Muitos personagens conhecidos dos quadrinhos estão presentes, mas a maioria apenas para dar um “bis” aos fãs, já que são tantos que fica impossível todos terem relevância. Destaque para o atirador Agente Zero (Daniel Henney) que protagoniza ótimas cenas de ação bem ao estilo “Matrix”, além do tão esperado Remy LeBeau, mais conhecido como Gambit. Vivido de maneira convincente pelo desconhecido Taylor Kitsch, o galã pilantra está lá bem caracterizado e até tem uma função relevante na trama. Pena que a sua cena de luta com Wolverine seja tão desnecessária e exageraram muito nas suas habilidades, transformado-o quase em uma mistura de Daiane dos Santos com Homem-Aranha. Gambit é muito ágil, mas dar pulos malucos e escalar paredes é um pouco demais.
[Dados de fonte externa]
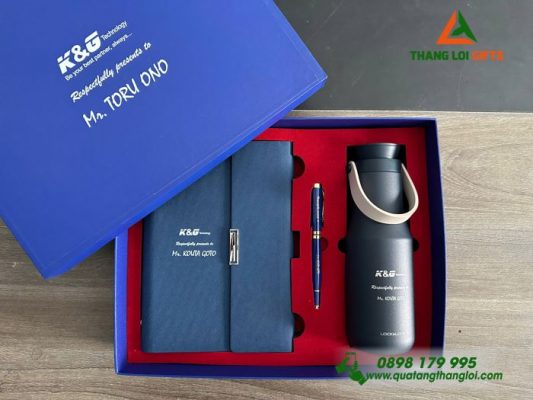 Combo Quà Tặng (Sổ+ Bình) - In Khắc Logo Doanh Nghiệp K&G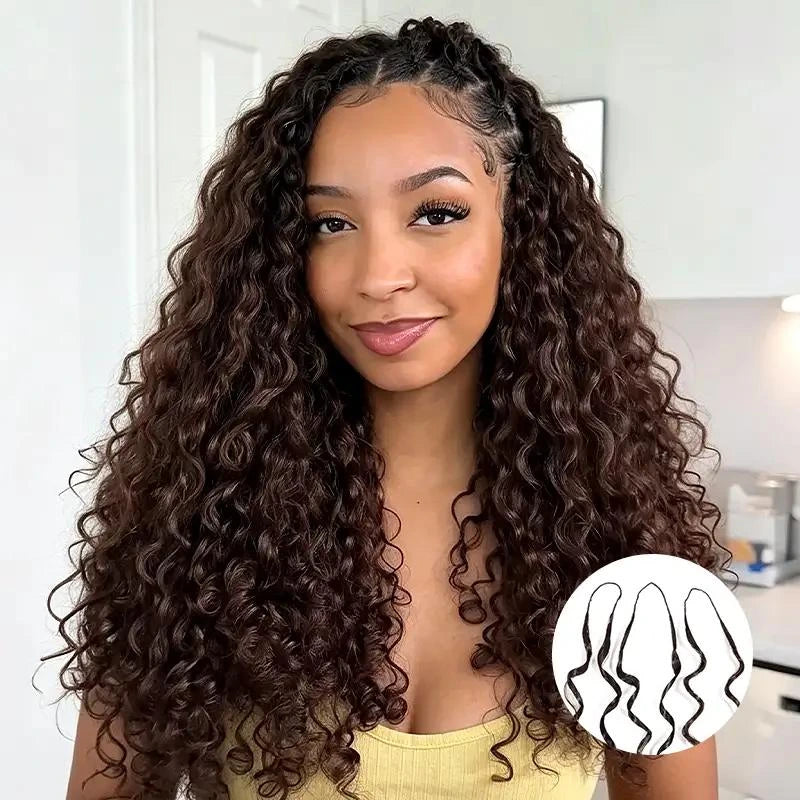 Model wearing Ali Grace Chocolate Brown Water Wave Crochet 100% Human Hair Extension with soft natural waves, rich chocolate brown color, reusable texture and a natural-looking finish for boho braids.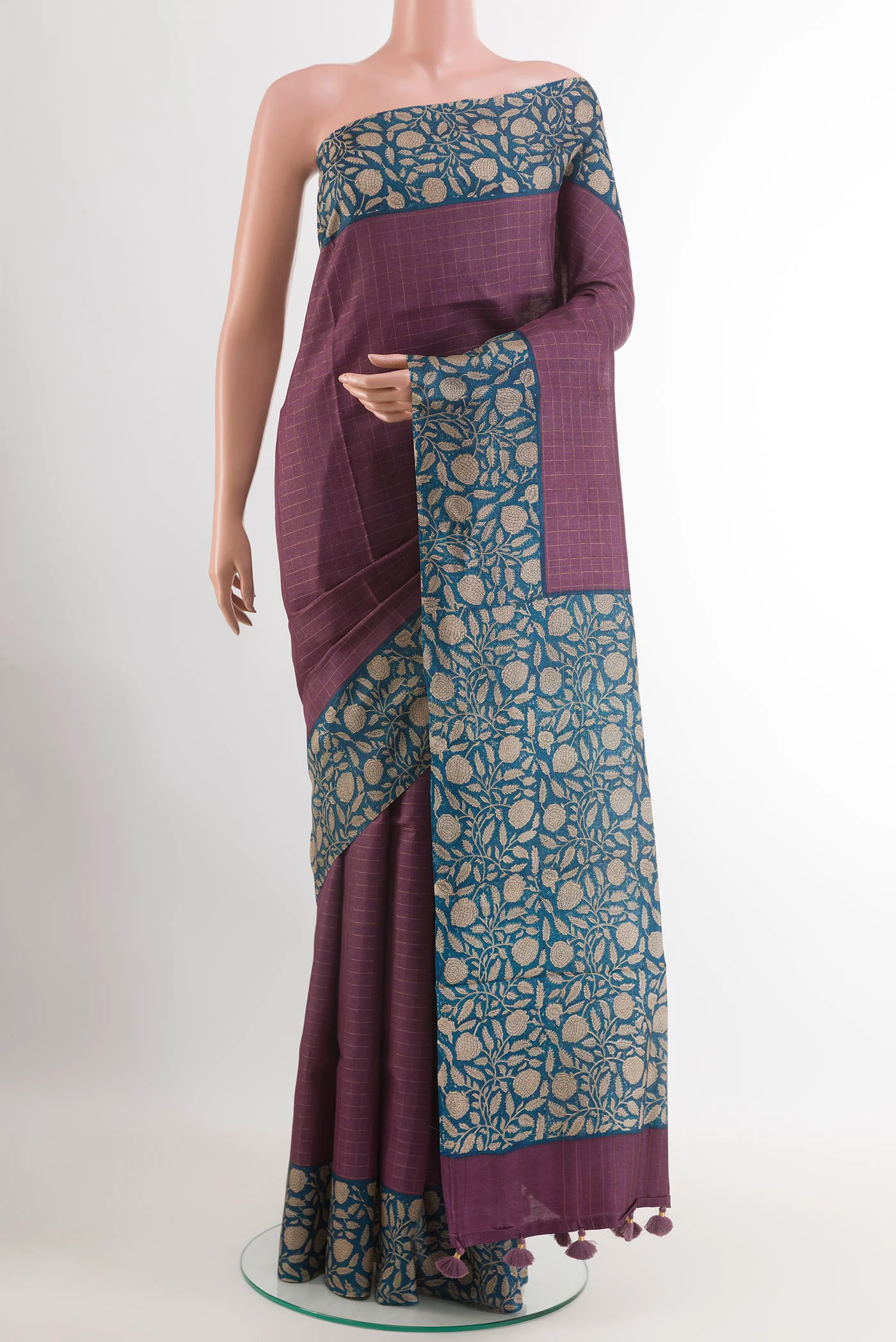 Purple Tussar Silk Saree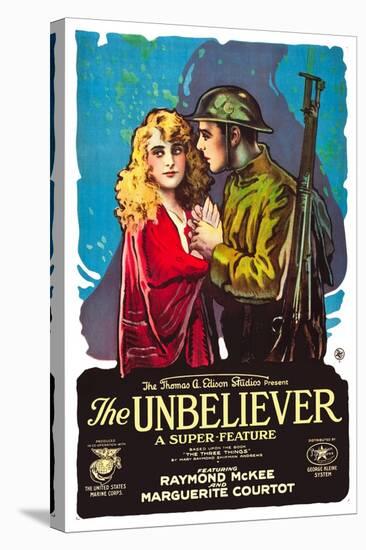 THE UNBELIEVER, l-r: Marguerite Courtot, Raymond McKee on poster art, 1918-null-Stretched Canvas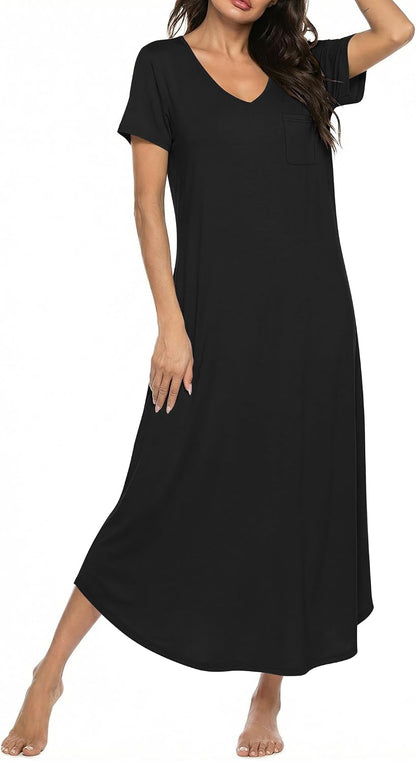 Ekouaer Long Nightgowns for Women Bamboo Viscose Short Sleeve Sleepshirt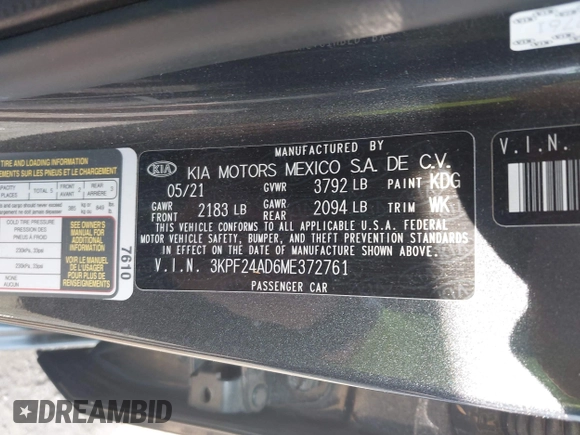 2021 Kia Forte LXS с VIN 3KPF24AD6ME372761, выставлен на аукционе IAAI как лот 42135790 с пробегом 62 310 миль миль и . История ставок и продаж доступна на DreamBid. Изображение 9.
Deadpool, vivido por Ryan Reynolds, tem poucas oportunidades para o ator expressar algum valor, se restringindo apenas aos movimentos da cena da primeira missão da Equipe X – até porque depois é melhor fingir que sua participação acabou ali. O Ciclope adolescente (o estreante Tim Pocock) aparece pouco, mas sua participação é importante para o contexto em geral da saga, servindo como um fio de ligação. Blob (Kevin Durand), John Wraith (Will.i.am) e Chris ‘Bolt’ Bradley (Dominic Monaghan) poderiam ser muito bem excluídos sem afetar em nada a história.

“X-Men Origens: Wolverine” nem de longe chega a ser um filme ruim e certamente divertirá a muitos que procuram algo para desocupar a cabeça e vibrar com figuras conhecidas. Mas é uma pena que isso seja pouco perante uma franquia tão rica e complexa, e as críticas negativas se dão por conta de todos saberem do enorme potencial que uma história solo de Wolverine poderia ter. Por isso, este acaba sendo o episódio mais fraco da tetralogia, restando a esperança de que os mutantes retomem suas forças.

P.S: Há uma cena pós-créditos que é totalmente irrelevante para o destino que a trama segue.